Schools face tough economic road ahead


That suggests there is a three-year lag in the changes in housing values.

“If we just saw the first decline in property taxes, and we know property values for homes started to decline three years ago, you might conclude that we have about three years of declining real estate taxes [ahead],” Sims said. “The base is gone, it’s down by about one-third, and most of the forecasters in the real estate business are talking about a continued decline.”

Economists predict that wages and personal income will continue to grow more slowly, and consumer spending is likely to grow at lower rates in the future.

State tax revenues have fallen since the end of 2008 and dropped 16.6 percent in 2009 compared to the previous year, the Center on Budget and Policy Priorities report indicates. Income tax was down 27.5 percent and sales tax was down 9.5 percent.

Also, during the last two recessions, the unemployment rate kept rising for 15 to 19 months after the recession ended and then remained high for a period of time after that.

“To gain maximum revenue, states that plan to adopt tax increases to help address their looming fiscal year 2011 shortfalls may want to put them in place as quickly as possible,” the report says. “The same applies to spending reductions; for example, many cuts in education spending are likely to take effect next summer, at the start of the 2010-11 school year.”

The report calls the revenue decline in this recession “unprecedented; it is the largest on record in the post-World War II period.”

Michael Strauss, chief economist at asset-management company Commonfund, which serves about 1,300 college and university endowments, told administrators at the Washington Higher Education Coordinating Board that while the world economy is beginning to look up, income tax revenue is predicted to decline for the bulk of 2010 and could decline into 2011, which will cause state and local governments to make more budget cuts.

“[Next year] is going to be worse than this year for two reasons–first, states have spent down their reserves, so what’s left is bone-on-bone,” Muir said. “Second, we’re running out of federal stimulus money. ARRA was a tremendous lifeline, and you can see the work that it is doing in schools every day.”

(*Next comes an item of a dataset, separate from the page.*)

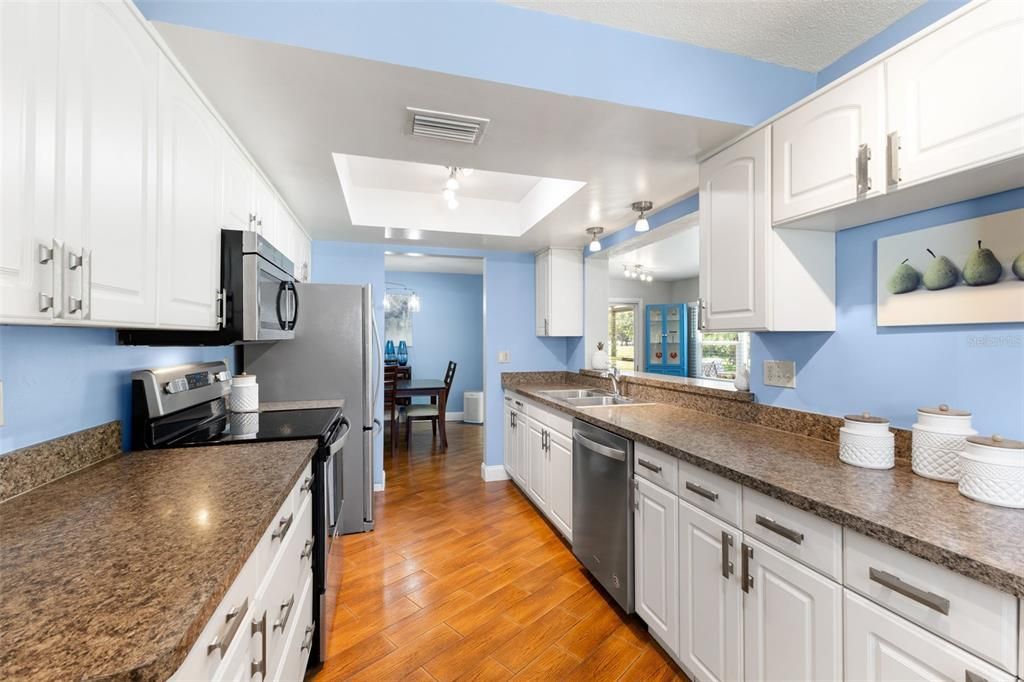 Nice galley kitchen with stainless steel appliances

Muir said he suspects that 5 percent of the operating funds many colleges received from states came directly from ARRA. Some states, he said, might have used ARRA funds for as much as 10 percent of public schools’ operating budgets.

“I’m very concerned about the next 18 months or so,” Muir said, when ARRA funding ceases.

Although job worries abound, retiring baby boomers are clearing the way for recent teaching graduates to find employment. And Muir said some districts are offering early retirement incentives for experienced teachers in an attempt to save money by paying lower salaries to new, inexperienced educators.

An opportunity for change

But despite economic woes, states have not taken the opportunity to revisit how they do business, Sims said.

“Almost no state is doing anything different today than they were before the downturn–they should be,” he said. “They should be restructuring systems, reorganizing priorities–they’re on track for more of the same.”

A smaller number of economists are predicting a “W” recession, in which the economy improves, but slides back into a recession.

“When you cut education–89.5 percent of education dollars go for payroll–you can only cut so many school buses, so you cut jobs, and when you cut jobs, it has a quick and devastating effect,” Sims said.